I can’t speak for Vinod Chopra, but I make films because of a desire to make films. Ultimately, the filmmaker is a storyteller. I can have a conversation with you or I can write an article or I can make a film. The difference is, with cinema, you can use the various aspects of the medium and enhance the effect. More than telling you about a scene from Phoonk, for example, which is a horror film, I can use the various tools at my disposal and enhance the effect of what I want to impress you with. My passion is to make you feel that – rather than what you think of it, or how much money you will give it for gratifying you. I don’t think of those two aspects.
But you are working in a very expensive medium.
I’m not denying that. I’m talking about my motivation. I’m not saying that it’s right. But having said that, how can I guarantee that you would like it? Suppose I want to scare you, what could happen? (a) It scares you. (b) It doesn’t. So why would I deliberately do something thinking that you will like it? What I tried to do, you may not like – but that is an aftereffect. It’s not the primary reason. It’s not that I don’t care whether you like it or not. I’m not saying that. There’s no way of knowing whether you’ll like it or not. That’s what I’m saying.
Even then, when a filmmaker has been on the scene for as long as you have, aren’t there certain patterns that he learns to discern – whether this will work, or this won’t, and so on? Doesn’t he begin to “know” the audience after a while?
In fact, I think the reverse is true. The more you are around, the more disconnected you become – because you get corrupted with the industry’s thinking.
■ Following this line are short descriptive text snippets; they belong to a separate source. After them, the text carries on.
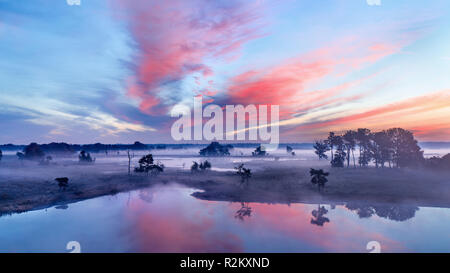 Terres humides tranquille lors d'une aube colorés avec des nuages, Turnhout, Belgique Banque D'Images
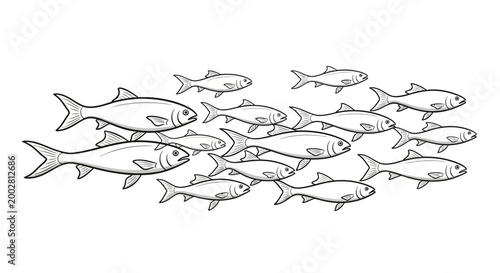 Graceful black and white line art illustration capturing a large school of fish swimming together in synchronized harmony, representing marine life and ocean ecosystems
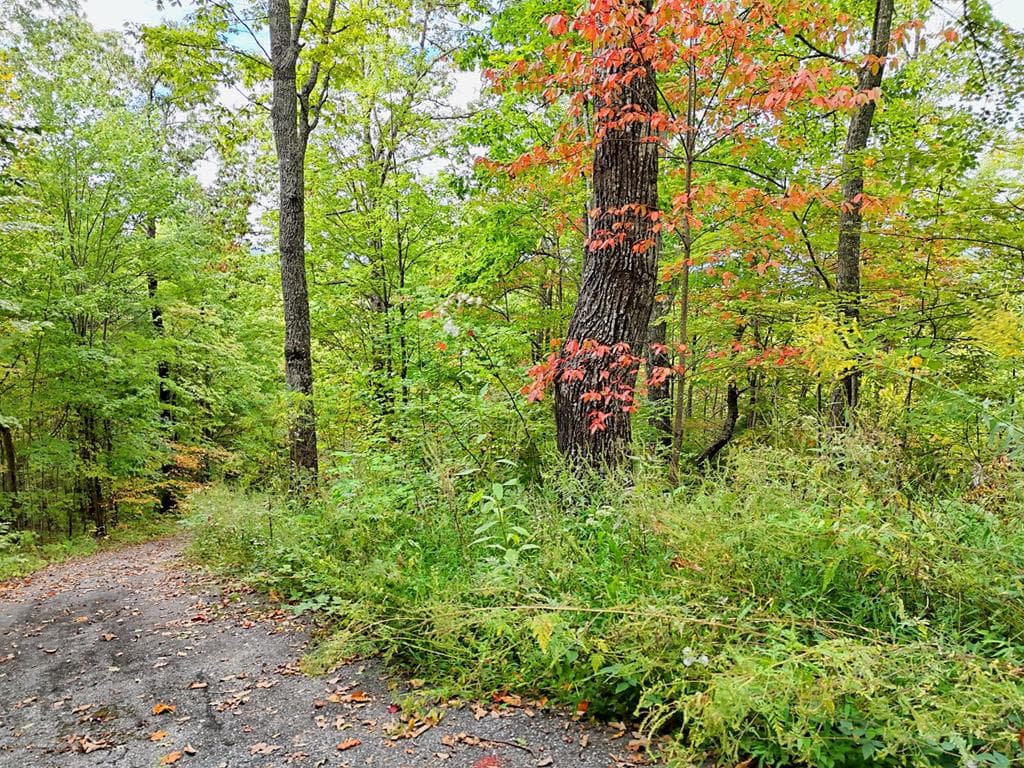 Lot 23 Skyview Overlook, Hayesville NC 28904 - Primary photo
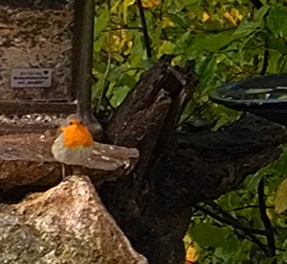 Robin am Silo 13.10.24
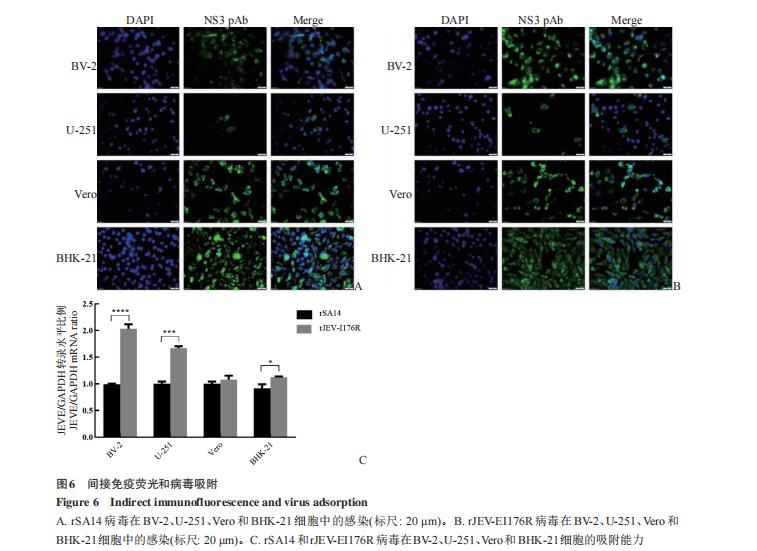 乙脑病毒株囊膜蛋白I176R位点在BV-2细胞上的生长特性差异——讨论、结论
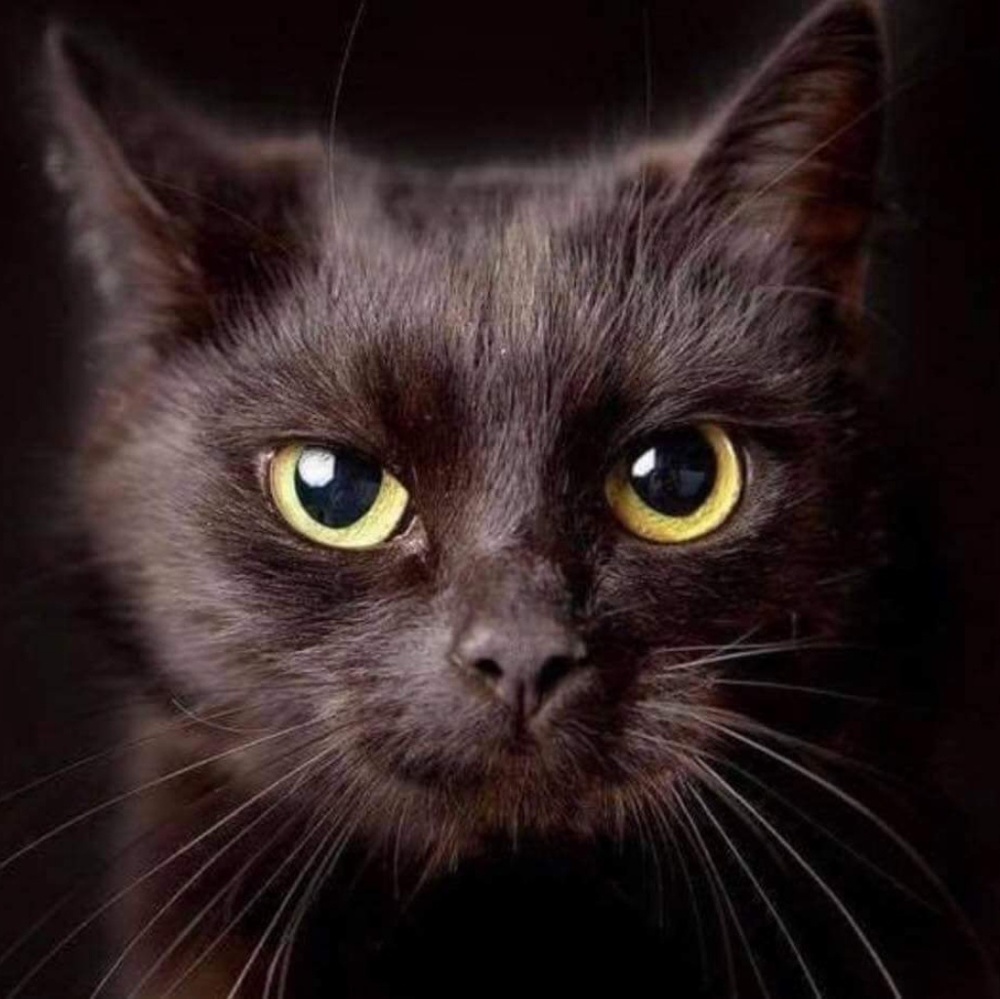 Meet your Posher, Cristhian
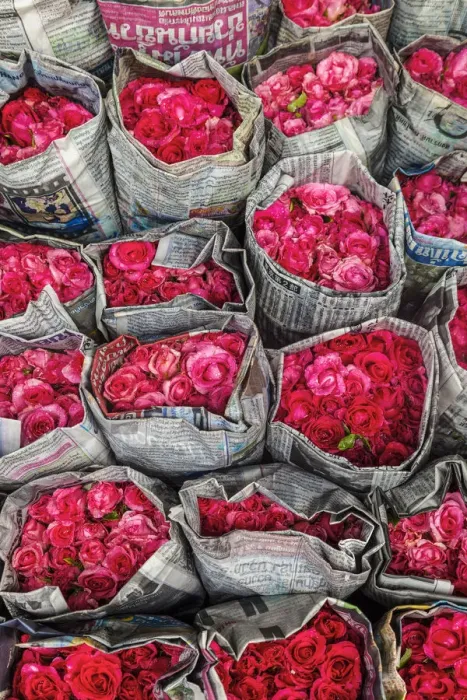 Framed Print : Roses for sale, flower market, nr Chinatown, Bangkok, Thailand Framed Print : Roses for sale, flower market, nr Chinatown, Bangkok, Thailand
They tend to think of the audience in terms of groups – “youth” films, “family” films… Also, when you are looking at cinema, in a theatre, with people around you, it’s a very different way of looking at it. At that time, your exposure level, your knowledge is very different. But when you become a director, you tend to lose that way of looking at films. Today, I can’t watch a film anymore, because I don’t watch a film to be entertained. I see a film to judge it. I am constantly looking at camera angles, sound, this, that – which is not the way audiences look at the film. So the film that everybody loves, say something like Taare Zameen Par – this is just an example – the point is, if in the first five minutes I disagree with the way the scenes are being captured, I will miss out on the content of the film, which might be the main reason the film clicks. So I think that the more you understand cinema, the more you become disassociated from the audience.
In that case, how do you explain the careers of people like Prakash Mehra or Manmohan Desai – apart from the fact that they worked in an era where more people went to the theatres because there were no TVs and VCRs?
See, their intention of making a film was different. Now, where did the word “formula film” come from? Formula films are like thali meals, you know? You get your curry, your dal, your rice, your chapatis – you have a good time, but also, your expectation isn’t going to be very high. You know exactly what you’re going to get there. So they kept on serving good helpings of that, with varying degrees and ranges, but, more or less, the soul was the same. And that’s why the word “formula” came about – because it can’t fail. Like the Coke formula, which is sent to various outlets – it will still be the same. But when you try to make a film that breaks convention – when I made my first film, the prevailing trend at the time were Balakrishna’s and Chiranjeevi’s films, so Shiva was a complete change – you have no way of knowing if it will work.
I didn’t know that then – and even now, I don’t have any idea why it worked. But it was liked. Whether it was liked for the reasons I made the film, or whether they saw something else in it – even that, I do not know. Even with a movie like Satya, I’m not sure that its commercial success has anything to do with what the critics liked it for. There were people who said they loved it because it was the first time they heard the word “chutiya” in the theatre. Reactions are as wide-ranging as that. Now, the critics gave four stars to Satya and they gave four stars to Maqbool, but Maqbool didn’t work anywhere as well as Satya. That’s what I’m saying. Each person likes or dislikes a film for unique reasons – and you can’t generalise them.
Do you think that the audience has become more fragmented today and it was more homogenous earlier?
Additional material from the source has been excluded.